In this uncertain economic environment, it’s easy to understand their hesitation. When you’re being tossed around, the natural response is to hold on tight.

But just as folks regret not installing a sump pump before a rainstorm hits, they’ll wish they had bought life insurance in 2010. Although the massive stimulus bill has dispersed the clouds of the last big economic storm, there’s always another one brewing, whether in the form of national policy changes or an unforeseen personal crisis. By building your clients a sound insurance lifeboat, you’ll prepare them to weather the next storm–and position yourself for a full pipeline of sales.

Opportunities To Think About Now

Saying “the time to buy is now” may sound like trite salesmanship, but it’s the truth. Consider a few realities:

? The ballooning federal deficit will require significant tax increases to pay down.

? Your best clients will be the target of these increases.

? Although it has yet to be defined, there will be an estate tax, and likely a significant one.

? The tax characteristics of life insurance today are as favorable as ever.

? Because permanent life insurance is so favorable, the federal government could target it for revenue generation.

Once your clients understand these facts, they may be more inclined to start writing premium checks. Let’s consider a few strategies you can use to inspire the fence-sitters to action.

? Term life–With life insurance, the easy and inexpensive option has always been term life. But term life is often sold as a stand-alone solution, without a game plan for conversion to more comprehensive coverage. For clients who have long-term needs but short-term cash concerns, selling term with a time frame for conversion can help you position them for the coverage they’ll need down the road.

? Universal life–Recent increases in premium costs have signaled that the party may soon be over for guaranteed no-lapse UL insurance. Companies are realizing that undercutting the competition by a buck isn’t a sustainable business model, particularly in this interest rate environment–and the premiums continue to escalate. If your clients are looking for low-cost lifetime death benefits with a guarantee, now is the time to buy a UL policy.

? Variable universal lifeWhen the market is in the doldrums, it makes sense that clients would avoid VUL coverage. But if your outlook is bullish, this may be the perfect time to take advantage of market volatility with systematic premiums into a VUL policy.

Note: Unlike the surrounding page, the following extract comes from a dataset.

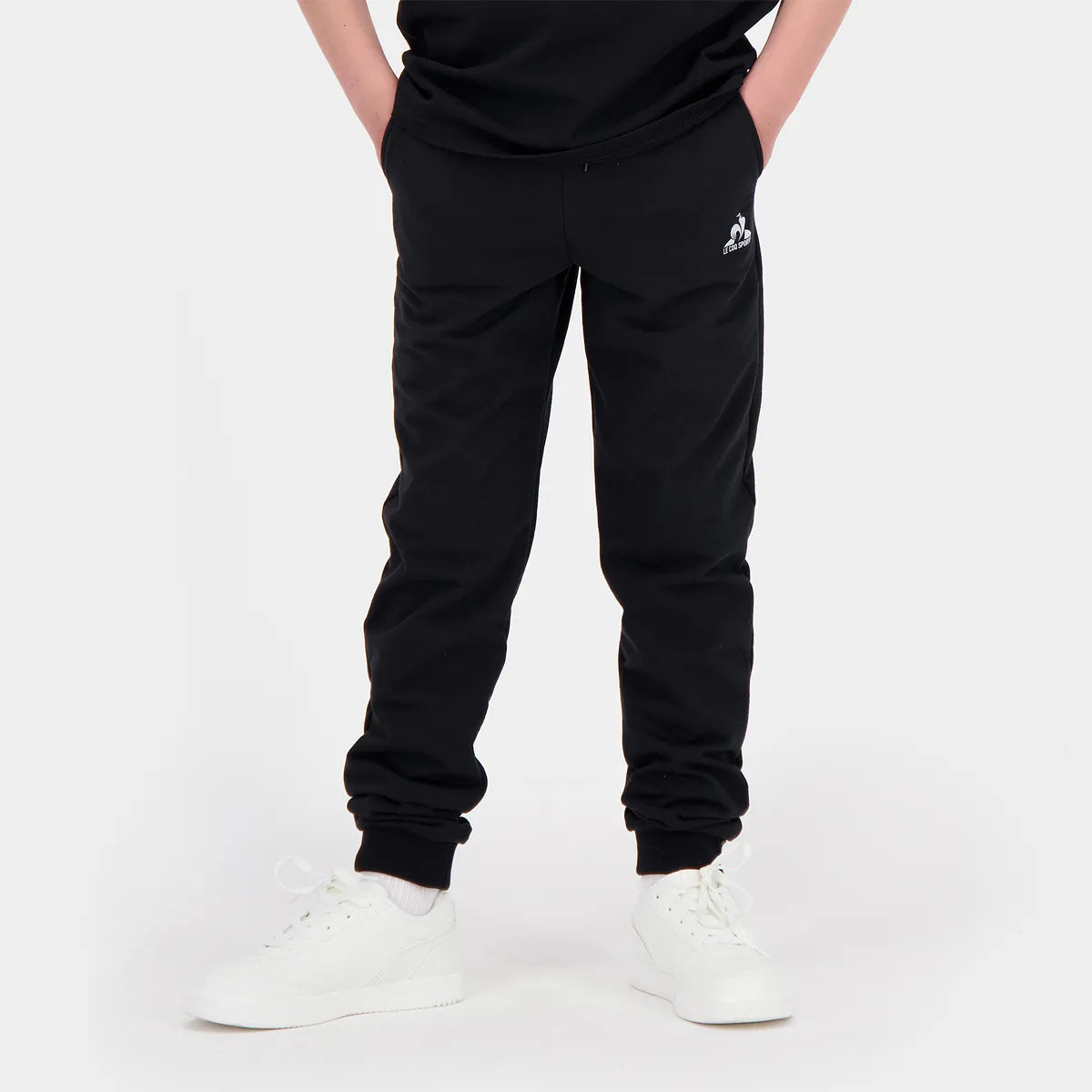 PANTALON LE COQ SPORTIF JUNIOR ESSENTIEL SLIM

While much has been made about Roth conversions in 2010, VUL offers Roth-like tax treatment without limits. If clients are concerned about another dip in the market, indexed products provide more potential upside than many fixed products with downside protection. Why wait for tax rates to go up or the market to rise further?

Start Small, Think Big

Regardless of the type of policy you’re selling, it often makes sense to start with less coverage than your clients really need. You thereby allow them to get comfortable with the strategy–and decrease the odds that they’ll walk away with a “we’ll just hold off for now.”

When clients see the growth in even a small whole life or VUL policy in your next annual review, they may be willing to implement the full amount of coverage you recommend.

Weigh Cost Vs. Consequences

With costs continuing to rise, it’s important to be sure that insurance premiums fit into your clients’ budgets. Perhaps even more urgent is the need to discuss the potential consequences of not taking action.

Regardless of what estate taxes look like next year, or what the market situation and fiscal policy will be, the wait-and-see philosophy won’t take care of a family if tragedy strikes. Educating your clients about the worst- and best-case scenarios will help them understand why you’re recommending an insurance safety net.

From your clients’ perspective, to be bold brings risk; to wait and follow brings comfort. But in real-life storms, waiting leaves you unprepared and possibly underwater. In our business, it can leave clients undercapitalized or uninsurable.

With storms on the horizon in 2010, successful agents will help clients understand that now is the time to embrace insurance as their lifeboat. And when the flood comes, whether it’s a mere inconvenience or a soaking of biblical proportions, your grateful clients will thank you–and invite the people they care about into your boat.